I’m definitely one of those people that when I decide I want something, I will do everything in my power to get it or make it happen. My OCD kicks in, and trying to change my mind is pretty much a lost cause. Such was the case with the Toyota Yaris. I saw those little hatchbacks driving down the street and I just fell in love.

So I made it part of the plan. Sell the big car, get a small one, save $15 on every tank of gas. Makes sense to me!

I have to admit, the day before I went to trade in my old car I got to thinking about everything that had happened in my life since I bought that car and it made me a little weepy.

The CR-V was a bit of an impulse buy. I took my Civic to get an oil change, and while I was waiting I wandered over to the showroom to peek at new cars. I’d been thinking I needed to upgrade to a bigger car after all the trouble I’d had navigating my car through Iowa winters. The truth is that all I needed was front wheel drive and a few lessons on snow driving, but that was only part of why I wanted the car. I’d never had a new car before. I’d never walked into a dealership and stood on my own two feet through the oh-so-fun process of wheeling and dealing. I’d just moved into my first apartment I could call my own. This was the next big step.

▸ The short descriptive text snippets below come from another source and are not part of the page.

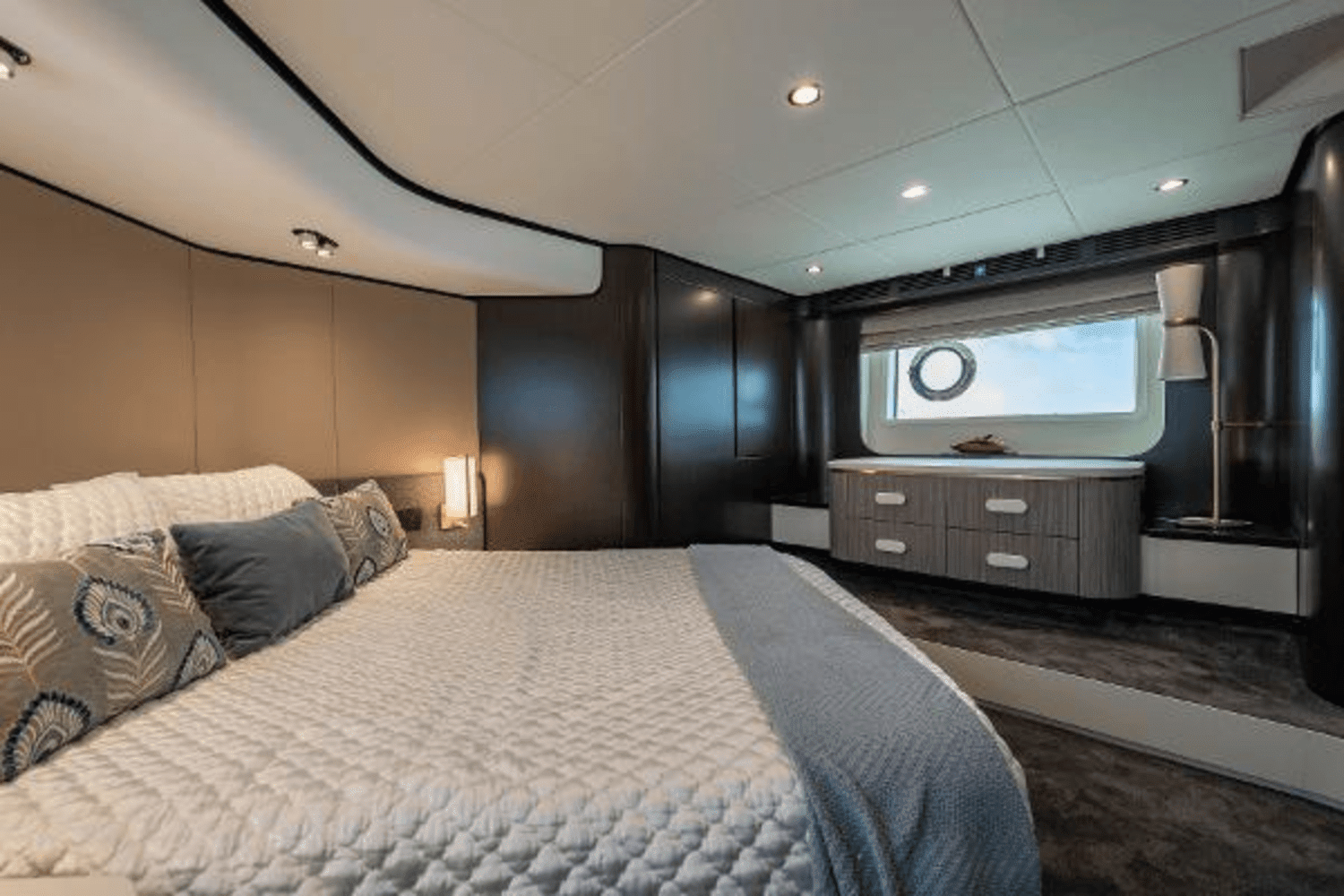 Slide: The Image of Azimut FLY 2022 - 18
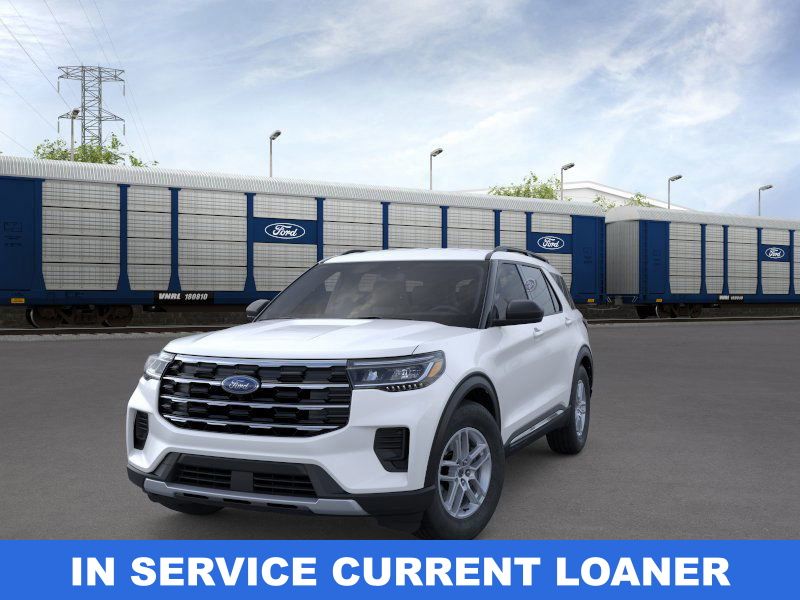 2025 Ford Explorer photo 3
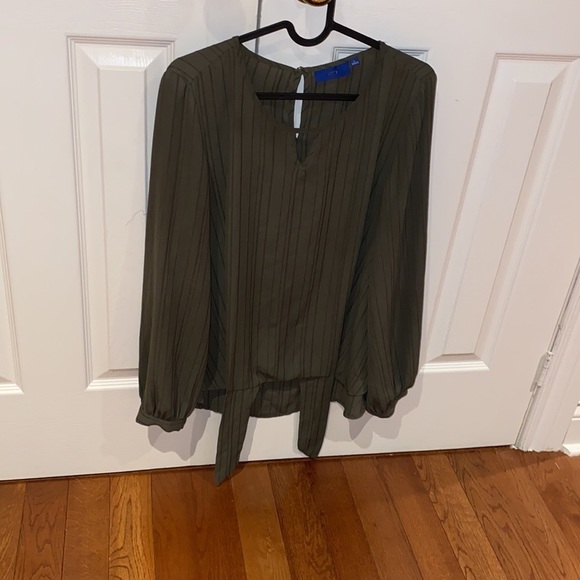 APT. 9 Army green sheer  long sleeve blouse L - Picture 3 of 11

So I did it, and I was pretty proud of myself. I talked the saleswoman down twice until I got a price I could handle. And then I drove my baby home. It snowed less than a week later. And as my parents like to recall, I told them it was “not an issue.”

I packed that car to the ceiling when I found out I was moving to Colorado. I drove it to Iowa and back several times in 2005. And I packed it to the ceiling when I found out I was both losing my dream job and yet finally getting to live with Mike. Then together we drove it all the way to South Carolina and back in 2006.

I don’t know. After all that, the car just meant a lot to me. In some ways it was my companion. I couldn’t let it go without a thorough vacuum and scrub.

But it was also part of the reason I’ve struggled so much financially the past few years. Sometimes getting what you want means getting what you shouldn’t. And that car just wasn’t a good match for someone who spends 90 percent of her time driving alone. Reggie sure loved to hang her head out the window and let her tongue dangle in the breeze. Now she’ll have to compromise in the back seat of the purple car. I don’t think she’ll mind too much. As long as she’s going somewhere with us.

I hope the Yaris is the next step in truly living what we believe. It’s rated at 36 mpg on the highway (which means it can get even more), so it should significantly lower my gas bills. It probably won’t be the right car for us forever, but it’s great for now. And let’s face it, it’s cute as hell.